1. I think our USBCAN-2E-U module not built-in termination. Because this module has two additional 120 Ohm resistors.
2. USBCAN-2E-U setting to slower speed mode is not work. I think is slower speeds problem.
3. I can not change duty cycle from USBCAN-2E-U and please kindly reference the test results from USBCAN-2E-U tool.
4. Please reference schematic on below.
In reply to AJ Cheng:
Thank you for your reply. Please kindly reference on below. Thanks for kindly help~
2. 57.9 Ohm
3. ISO1050 side
4. We have already removed B107 / B108 and D44.
Good day. Can I ask another question about ISO1050 EVM schematic? Why is the EVM put 60 Ohm termination resistor. Thanks~
In a real CAN network, we expect the two end CAN nodes to be terminated with 120 ohm resistor each to match the cable impedance. Two 120 ohms in parallel will give us an effective impedance of 60ohms.

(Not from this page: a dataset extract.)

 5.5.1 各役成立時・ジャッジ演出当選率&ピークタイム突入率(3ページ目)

On an EVM , since we have only one node ( = one transceiver), we directly use the effective impedance of 60ohms as a standard load.

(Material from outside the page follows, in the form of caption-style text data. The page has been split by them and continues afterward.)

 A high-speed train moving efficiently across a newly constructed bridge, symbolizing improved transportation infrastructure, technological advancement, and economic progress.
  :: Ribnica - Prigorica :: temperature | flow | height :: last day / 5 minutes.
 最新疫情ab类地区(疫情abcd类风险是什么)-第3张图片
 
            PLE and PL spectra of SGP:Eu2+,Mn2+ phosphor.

This is also consistent with the CAN standard and CAN datasheets, where 60 ohms is used a standard value when measuring just one CAN transceiver.
I hope this helps.
Good day. We provide video record on below for you reference. Is it likely to be a matter of compatibility problem? If any suggestion please kindly let me know. Thanks~
R1 = 120 Ohm / R2 = 120 : 0:03 second is start transmission and 0:19 second got fail.

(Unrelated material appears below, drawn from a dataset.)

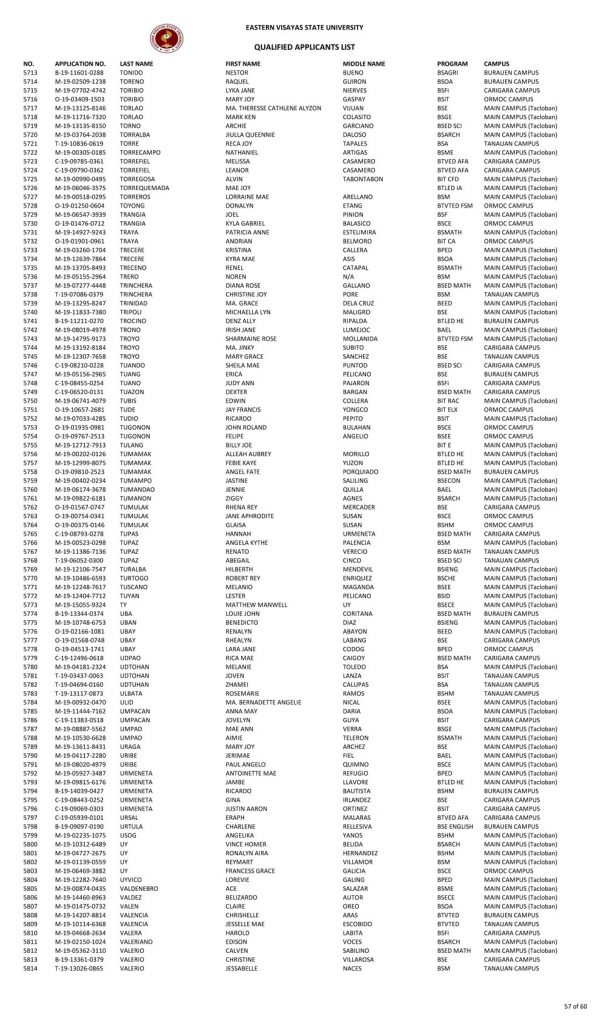 College Admission Test Results (S.Y. 2019-2020)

R1 = 100 Ohm / R2 = 100 : 0:04 second is start transmission and 0:06 second got fail.
Thank you posting this. On Friday and today, we have been in email and phone discussions with our Field team there to look at this. I am re-posting some of that here for convenience.
There is a possibility of the USB2CAN module doing something here, so compatibility could indeed be a factor. We saw the videos and in the beginning, the scope shot looks OK, but only later do we see the bits getting affected and moving around. This may be due to interference, or even the software trying to do something in the middle of transmission. **if** this was a hardware issue, we would have seen ***all ** bits getting affected and not only some in the middle.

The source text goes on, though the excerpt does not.